== Exercise brief ==
Would you reproduce, word for word, only the lines from the one with "Gold Jewelry L36-16, Marquise" to the end of the listing below?

=== Task data ===

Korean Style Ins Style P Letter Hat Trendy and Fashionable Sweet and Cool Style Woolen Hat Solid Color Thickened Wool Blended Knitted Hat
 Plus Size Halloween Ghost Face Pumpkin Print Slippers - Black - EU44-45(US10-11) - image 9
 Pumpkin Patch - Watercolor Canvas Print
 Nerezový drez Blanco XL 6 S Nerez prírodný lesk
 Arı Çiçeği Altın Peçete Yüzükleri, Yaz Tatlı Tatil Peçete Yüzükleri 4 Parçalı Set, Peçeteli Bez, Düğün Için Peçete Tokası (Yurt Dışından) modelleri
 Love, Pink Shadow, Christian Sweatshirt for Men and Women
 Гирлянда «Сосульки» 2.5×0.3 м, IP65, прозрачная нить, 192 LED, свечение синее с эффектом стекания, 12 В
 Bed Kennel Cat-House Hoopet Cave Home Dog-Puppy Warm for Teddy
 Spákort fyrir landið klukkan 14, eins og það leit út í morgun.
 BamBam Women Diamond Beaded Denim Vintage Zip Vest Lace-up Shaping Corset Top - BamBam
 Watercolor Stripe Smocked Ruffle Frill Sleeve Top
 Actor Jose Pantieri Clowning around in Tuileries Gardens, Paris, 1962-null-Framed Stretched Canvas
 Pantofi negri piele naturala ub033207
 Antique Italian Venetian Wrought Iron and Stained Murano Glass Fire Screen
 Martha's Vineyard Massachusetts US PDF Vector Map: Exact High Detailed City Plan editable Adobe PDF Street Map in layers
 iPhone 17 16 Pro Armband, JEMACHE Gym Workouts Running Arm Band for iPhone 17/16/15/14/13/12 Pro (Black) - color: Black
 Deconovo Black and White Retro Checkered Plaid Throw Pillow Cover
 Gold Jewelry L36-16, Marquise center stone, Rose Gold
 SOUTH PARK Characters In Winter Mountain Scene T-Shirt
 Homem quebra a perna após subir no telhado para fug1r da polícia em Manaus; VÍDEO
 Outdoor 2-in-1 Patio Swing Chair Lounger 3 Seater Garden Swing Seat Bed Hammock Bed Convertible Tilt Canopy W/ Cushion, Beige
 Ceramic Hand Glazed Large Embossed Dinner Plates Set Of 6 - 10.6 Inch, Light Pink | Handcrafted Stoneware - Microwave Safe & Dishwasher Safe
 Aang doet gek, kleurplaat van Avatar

===

== Solution ==
 Gold Jewelry L36-16, Marquise center stone, Rose Gold
 SOUTH PARK Characters In Winter Mountain Scene T-Shirt
 Homem quebra a perna após subir no telhado para fug1r da polícia em Manaus; VÍDEO
 Outdoor 2-in-1 Patio Swing Chair Lounger 3 Seater Garden Swing Seat Bed Hammock Bed Convertible Tilt Canopy W/ Cushion, Beige
 Ceramic Hand Glazed Large Embossed Dinner Plates Set Of 6 - 10.6 Inch, Light Pink | Handcrafted Stoneware - Microwave Safe & Dishwasher Safe
 Aang doet gek, kleurplaat van Avatar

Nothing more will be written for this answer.